Salonu dolduran kalabalığa hitap etmek üzere araştırmacı-yazar M. Nihat Derindere kürsüye geldi. Konuşmasına; “Büyük insan, dâvâsı büyük olandır. İşte Bediüzzaman dâvâsı büyük kimsedir. Çünkü Onun dâvâsı şahıs dâvâsı değil, iman dâvâsıydı" diye başlayan Derindere, Onun dâvâsının bugün bütün dünyaya yayıldığını, Risâle-i Nur Külliyatının otuz beş dünya diline çevrildiğini ifade etti. Derindere, Risâle-i Nurların Kur'ân’ı açıkladığını dolayısıyla Said Nursî’nin Hazret-i Kur'ân’ın anlaşılmasına hizmet ettiğini ifade etti.
Derindere, "Üstad Bediüzzaman, sözlerini 1908 de söylemeye başlamıştır. Risâle-i Nurların yazılmaya başladığı Barla’da talebesi Şamlı Hafız Tevfik’e 'Bir gün gelecek bu eserler bütün dünyada okunacak' demiştir. Bediüzzaman ismi üzerinde şimdiye kadar hep karartma vardı. Artık Bediüzzaman üzerinde bir aydınlanma dönemi başlamıştır. Bediüzzaman’a herkes sahip çıkmaya ve onu referans almaya başlamıştır.
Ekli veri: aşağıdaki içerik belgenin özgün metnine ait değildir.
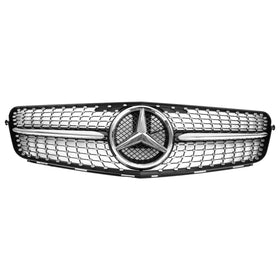 2008-2014 Mercedes W204 Classe C C300 C350 Diamond Benz Grille de pare-chocs avant LED Emblème Grill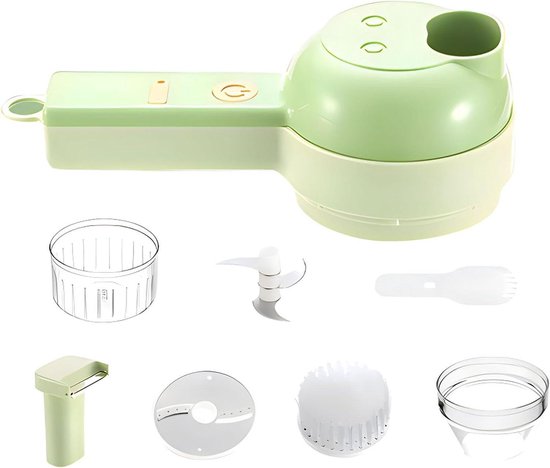 Mini keukenmachine - Elektrische hakmolen - Snel snijden - 4-in-1 veelzijdig - 18.5 cm - Wit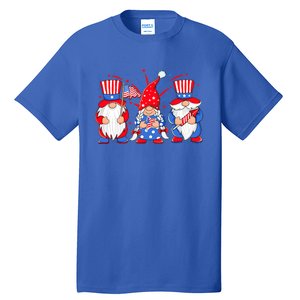 4th Of July Gnomes Patriotic American Flag Cute Three Gnomes Gift Tall T-Shirt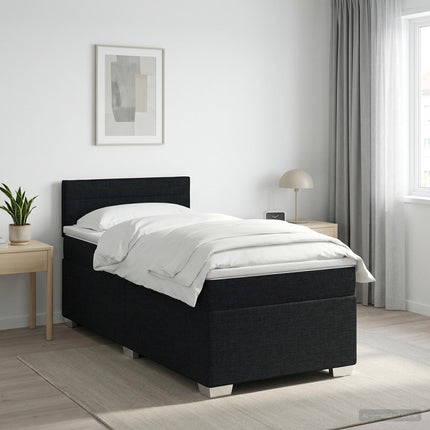 Boxmadras med topmadras med hovedgærde Sort 80 x 200 cm Stof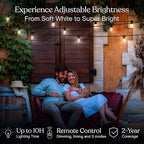 27ft White Outdoor Edison String Lights, Weatherproof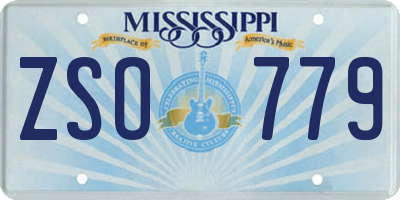 MS license plate ZSO779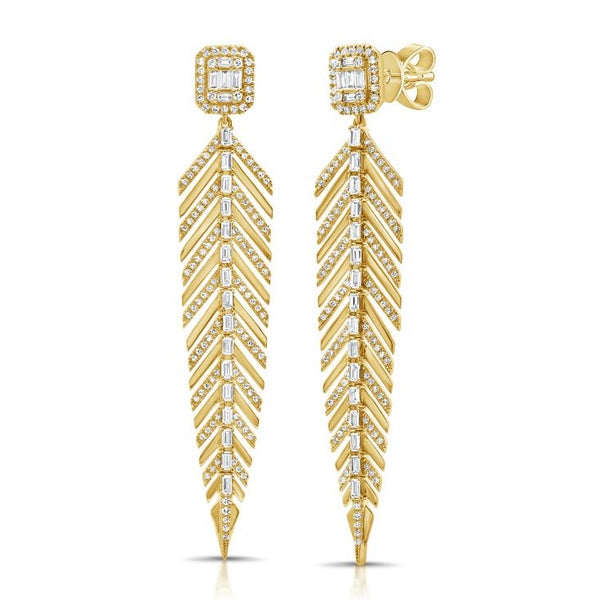 14K GOLD DIAMOND TAYLOR FEATHER EARRINGS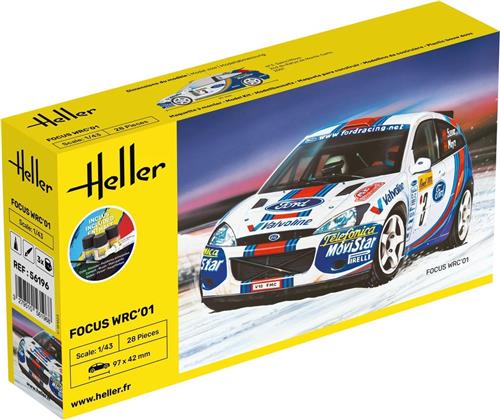 1:43 Heller 56196 Ford Focus WRC01 - Starter Kit Plastic Modelbouwpakket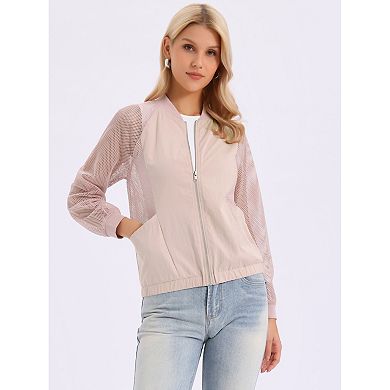 Mesh Jacket for Women's Zip Up Long Sleeve Sheer Lightweight Track Jackets with Pockets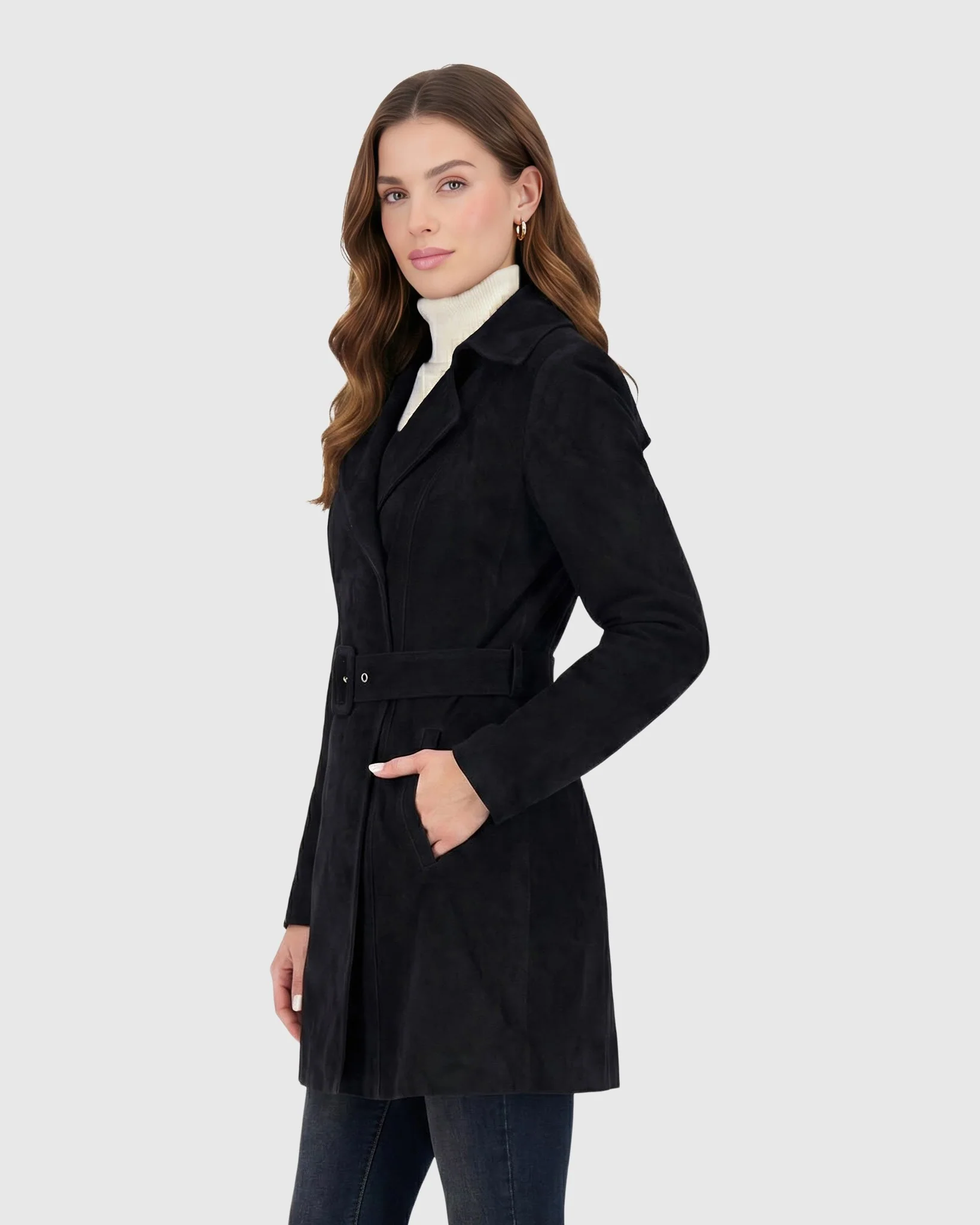 SELECT METIS SUEDE TRENCH COAT, BELT - Image 3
Risâle-i Nurlar artık herkesin malı oluyor, herkes Risâle-i Nurlara sahip çıkıyor” dedi.
Kâbe imamı Sudeysi’nin de On Dokuzuncu Mektub’u okuduğunda Peygamberimizi daha iyi tanıdığını, Saraybosna’da Bosna âlimlerinden Süleyman Hoca hutbede Peygamberimizle ilgili bir risâleyi cemaata anlatınca cemaatin çok etkilendiğini, bu sebeple cami çıkışında iki yüz elli adet Mu'cizat-ı Ahmediye Risâlesi aldıklarını nakleden Derindere, Bediüzzaman’ın şefkatli dersinin bir gün bütün insanlığı kucaklayacağını belirterek, "Tarihî noktada Bediüzzaman’ı iyi anlamak lâzım. Çünkü Bediüzzaman anlaşıldığında Türkiye’nin tarihi de iyi anlaşılacak" diye konuştu.
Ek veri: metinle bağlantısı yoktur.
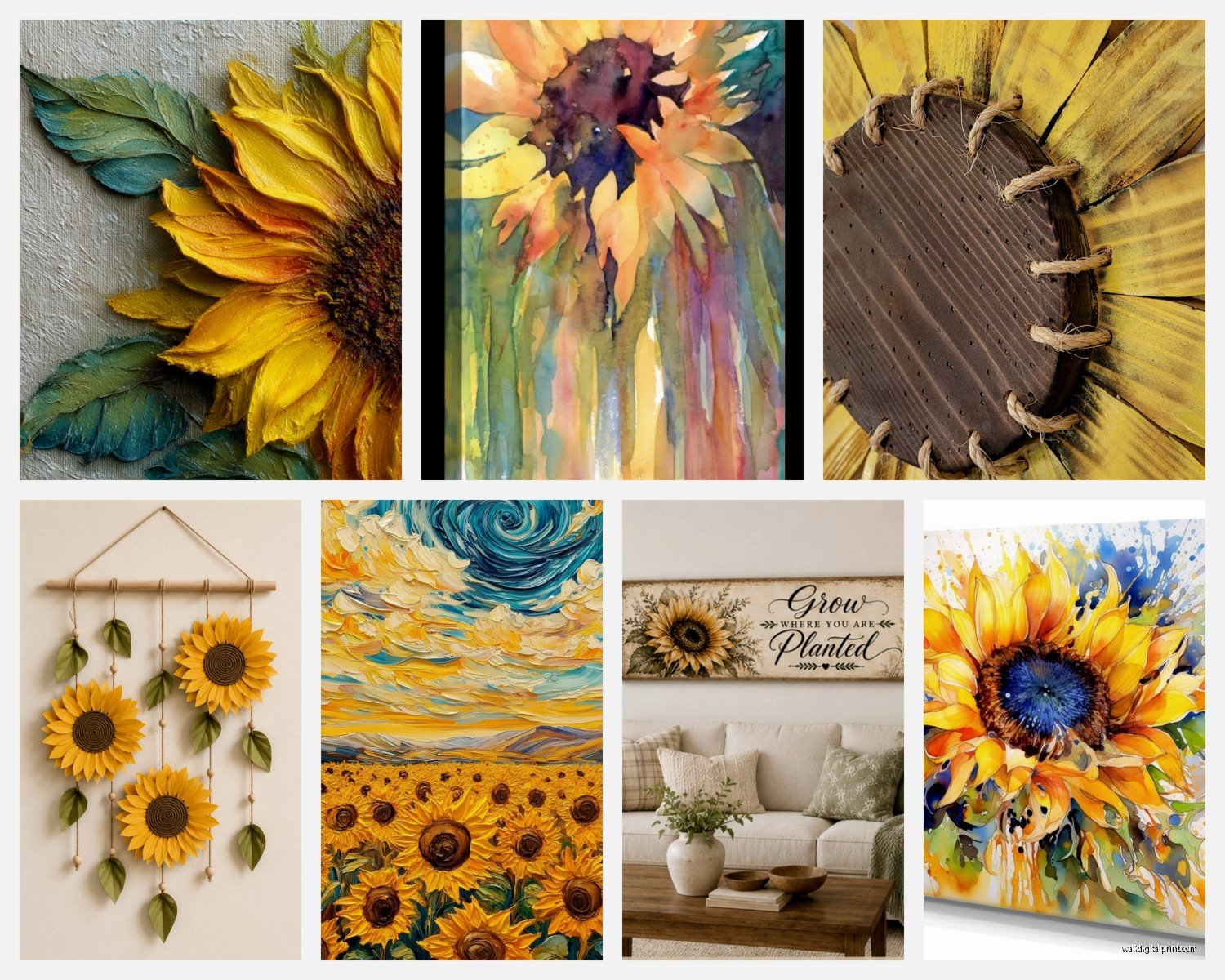 Sunflower Wall Art: Yellow Floral Kitchen & Garden Decor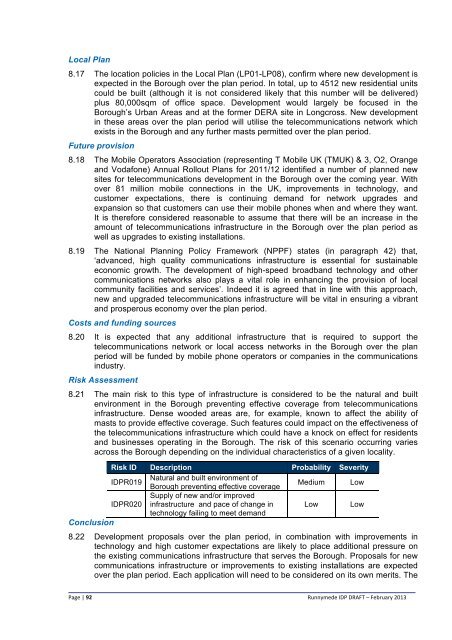 Infrastructure Delivery Plan (Feb 2013) - Runnymede Borough Council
Bediüzzaman’ın meşrûtiyete İslâm namına sahip çıktığını söyleyen M. Nihat Derindere, Hutbe-i Şamiye’den örnekler vererek İslâm Toplumlarının geri kalma sebepleri ve çarelerini anlatarak, Müslümanlardaki altı hastalığı şöyle ifade etti:
1- Ümitsizliğin içimizde hayat bulması. 2- Doğruluğun sosyal hayatta ölmesi. 3- Düşmanlığa muhabbet. 4- Müslümanları birbirine bağlayan nuranî rabıtaların bilinmemesi. 5- Bulaşıcı hastalıklar gibi istibdatlar. 6- Himmetini şahsî menfaatine hasretmek. Derindere, bu hastalıkların çarelerini de sıraladı:
"1- El Emel; Allah’ın rahmetinden kuvvetli ümit beslemek. 2- Doğruluk. Çünkü doğruluk topluma hayat verir. 3- Adavete avdet, muhabbete muhabbet. Sevgiye en lâyık şey sevgidir, düşmanlığa sevgi beslemek yanlıştır. Toplumu kaynaştıracak şey muhabbettir. 4- Müslümanları birbirine bağlayan en önemli bağ meşverettir. Çoğunluğun yanılmazlığı önemlidir. Fertler birbirleri ile istişare ettiklerinde İslâm toplumlarının ayaklarındaki prangalar çözülecektir. 5- İstibdadın çözümü demokrasidir. İslâm coğrafyası meşveret ve şûrâ ile gerçek anlamda hürriyete kavuşacaktır. 6- 'Kimin milleti himmeti ise o tek başına bir millettir'. İnsanlar milletin menfaatini şahsî menfaatinden üstün tuttukları zaman yükseleceklerdir."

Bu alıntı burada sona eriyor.